Common Domestic Violence Charges in Chester County and Montgomery County
The police commonly file several charges when they are called to the scene of alleged Domestic Violence. If convicted, you could have to serve sentences of serious jail time and fines in addition to any civil penalties:
Domestic Assault (18 Pa.C.S. 2702)
If you have been charged with assault in Chester or Montgomery County, the police are alleging that you intentionally caused or attempted to cause bodily harm to another person. They may also be alleging that you put another person in imminent fear of bodily harm, even though you may not have actually touched them. In Pennsylvania a Simple Assault is most likely a second degree misdemeanor, which could result in a sentence of up to two years in jail and a fine up to $5,000.
If the police observe injuries that were serious, they may file Aggravated Assault charges. which are a first degree felony. In Pennsylvania Aggravated Assault is most likely a first degree felony, which could result in a sentence of up to twenty (20) years in jail and a fine up to $25,000.
Stalking (18 Pa. Cons. Stat. § 2709.1)
If you have been charged with Stalking in Chester or Montgomery County, the police are alleging that you communicated repeatedly or acted multiple times in such a way as to cause another person serious emotion distress. You could also act in such a way as to place a person in a reasonable fear of serious bodily injury.
In Pennsylvania Stalking is a first degree misdemeanor, which could result in a sentence of up to five years in jail and a fine up to $10,000. If the prosecutor can prove that a defendant repeatedly communicated with the victim, it may be a third degree felony, which could result in a sentence of up to seven years in prison and a $15,000 fine.

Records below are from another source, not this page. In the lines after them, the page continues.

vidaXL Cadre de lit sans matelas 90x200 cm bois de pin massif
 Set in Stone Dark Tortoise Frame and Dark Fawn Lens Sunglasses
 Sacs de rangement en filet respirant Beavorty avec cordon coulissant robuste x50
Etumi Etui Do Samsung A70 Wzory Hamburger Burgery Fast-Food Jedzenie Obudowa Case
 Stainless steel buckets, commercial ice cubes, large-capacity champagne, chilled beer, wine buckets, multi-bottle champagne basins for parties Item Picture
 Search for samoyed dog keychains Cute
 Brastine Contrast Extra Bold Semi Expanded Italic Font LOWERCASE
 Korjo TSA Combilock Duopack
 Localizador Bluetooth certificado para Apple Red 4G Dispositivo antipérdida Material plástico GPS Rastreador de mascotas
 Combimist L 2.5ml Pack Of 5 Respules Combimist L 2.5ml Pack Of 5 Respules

Terroristic Threats (18 Penn. Cons. Stat. § 2706)
Terroristic Threats sounds scary and is often times a misunderstood charge. If you have been charged with Terroristic Threats in Chester or Montgomery County, the police are alleging that you threatened someone with violence, either directly or indirectly, with the intent to terrorize that person. Additionally, the police could allege you did it to cause an evacuation or some other public inconvenience. In Pennsylvania Terroristic Threats is a first degree misdemeanor, which could result in a sentence of up to five years in jail and a fine up to $10,000.
If Chester or Montgomery County police are alleging that the assault was committed on a child, the penalties could be up to five years in prison and a fine up to $10,000. Pennsylvania law does allow a parent to spank their child, but if that punishment goes to far the police can charge the parent with assault. It is also important to note that more often than not you will be investigated by the county Children and Youth authorities. In these situations are critical to have an attorney protecting your rights.
Endangering the Welfare of a Child (18 Pa. C.S. § 4304)
If you have been charged with Endangering the Welfare of a Child in Chester or Montgomery County, it means that the police are alleging you violated some duty of a care for a child you were in custody of. For instance, if you are a parent with custody of a child, then you have a duty to care for that child. This charge is a catch all but it is best to think of in the sense that the accused, a parent, put the child in a position that the child could get seriously injured.
In Pennsylvania a single incident of Endangering the Welfare of a Child is a first degree misdemeanor, which could result in a sentence of up to five years in jail and a fine up to $10,000. If the prosecutor can prove a pattern of endangerment, it may be a third degree felony, which could result in a sentence of up to seven years in prison and a $15,000 fine.